Soyons clairs, la loi de 2012 sur les livres indisponibles, sur laquelle s’était prononcée la CJUE, avait été instaurée en France pour permettre une exploitation commerciale de livres du XXe siècle publiés en France qui n’étaient plus « disponibles », « épuisés », disait-on. Cette loi ne concernerait qu’une bibliothèque qui voudrait assurer une activité éditoriale de livres, qu’ils appartiennent ou non à son fonds, la propriété matérielle du livre ne lui donnant pas de droits particuliers[1]. En revanche, ce sont dans les fonds des bibliothèques que l’on trouve bon nombre de ces livres qui ne sont plus commercialisés. À quelles conditions peuvent-elles disposer de ces nouveaux accès, par les voies numériques, aux livres de leurs fonds ? L’IABD, en son temps, s’y était intéressée.

Bien qu’indirectement touchées, lors de la conférence, les critères définis dans différents pays pour instaurer des licences collectives autorisant les usages d’œuvres ont été longuement présentées. De la loi française sur les livres indisponibles bien très proche des « licences collectives étendues » adoptées depuis longtemps par les pays scandinaves, la CJUE retient que les ayants droit concernés n’étaient pas informés individuellement. Toutefois si la notification doit être « effective et individuelle », une réponse de ces deniers ne s’impose pas. La CJUE valide ainsi le principe de l’opt-out ou « qui ne dit mot consent ». C’est cette notification individuelle seule qui fait l’objet de critiques de la CJUE et non les autres dispositifs de la loi.

Sa décision qui fait néanmoins jurisprudence sera transposée dans tout autre contentieux sur ce sujet, et remettrait en cause les systèmes de licences collectives étendues existantes et des projets de numérisation de masse dans plusieurs projets européens. Aujourd’hui, le système ReLire est en suspens, en attente d’une décision du Conseil d’État, puis peut-être d’une modification de la loi.
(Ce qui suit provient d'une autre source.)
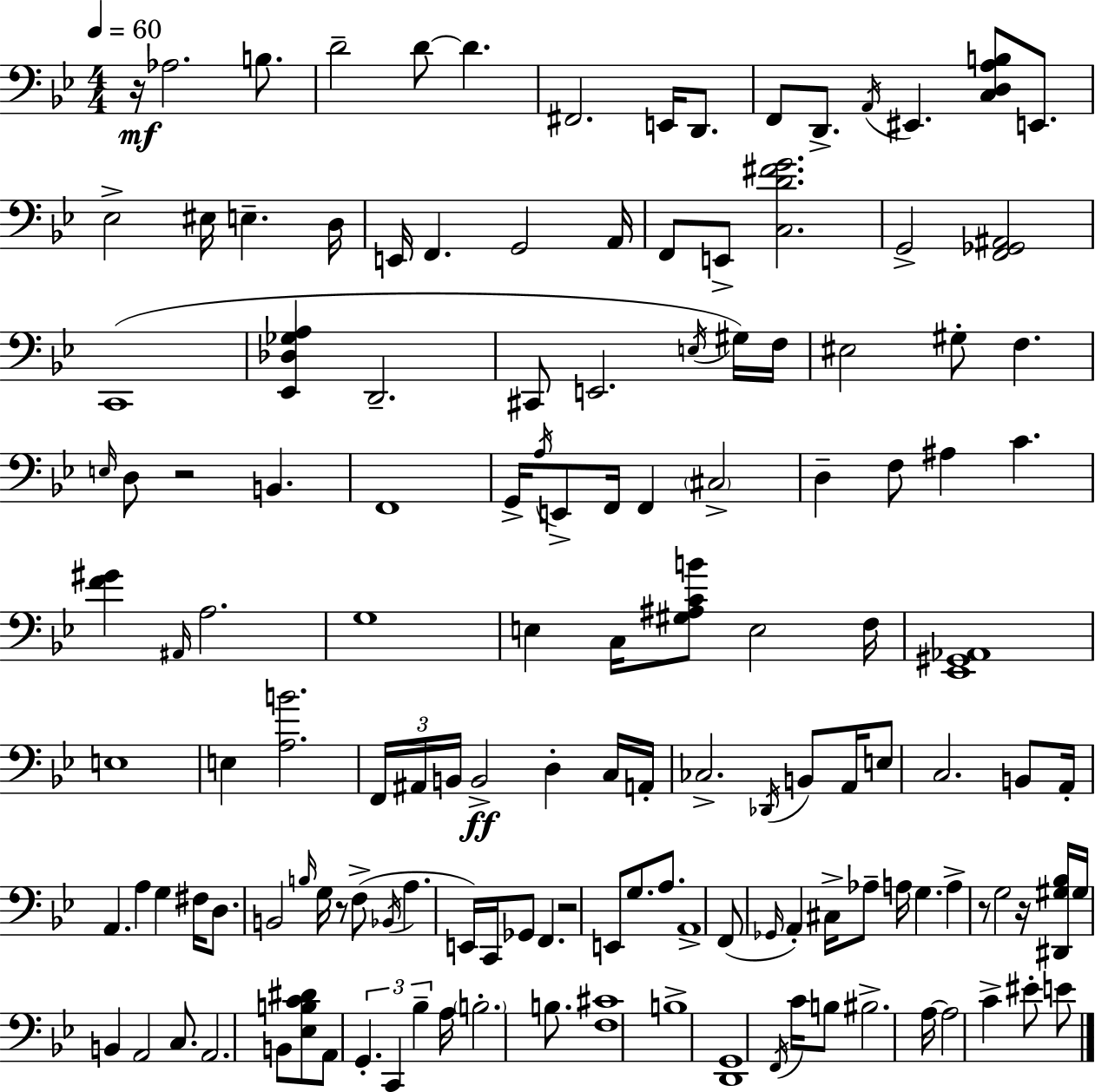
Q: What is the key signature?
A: G minor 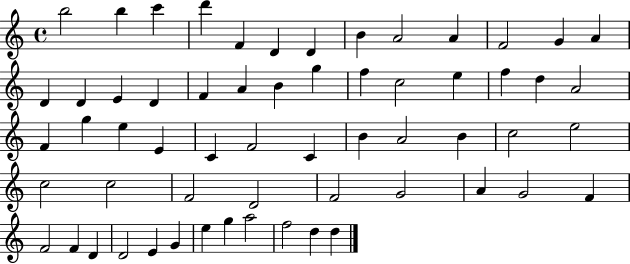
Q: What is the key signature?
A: C major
En novembre 2016, la CJUE avait également pris un arrêt, concernant directement, cette fois-ci, les bibliothèques puisqu’il s’agissait du prêt public de livres numériques. Elle y reconnaissait que les conditions du prêt public des livres sur support papier étaient transposables aux livres numériques. Les bibliothèques néerlandaises, parties à ce procès, pourront revendiquer une application de ce système pour leurs livres numériques pour une copie, à partir de sources licites, sur le serveur de la bibliothèque et une copie temporaire en téléchargement sur l’ordinateur de leurs usagers sur le modèle « une copie, un utilisateur ».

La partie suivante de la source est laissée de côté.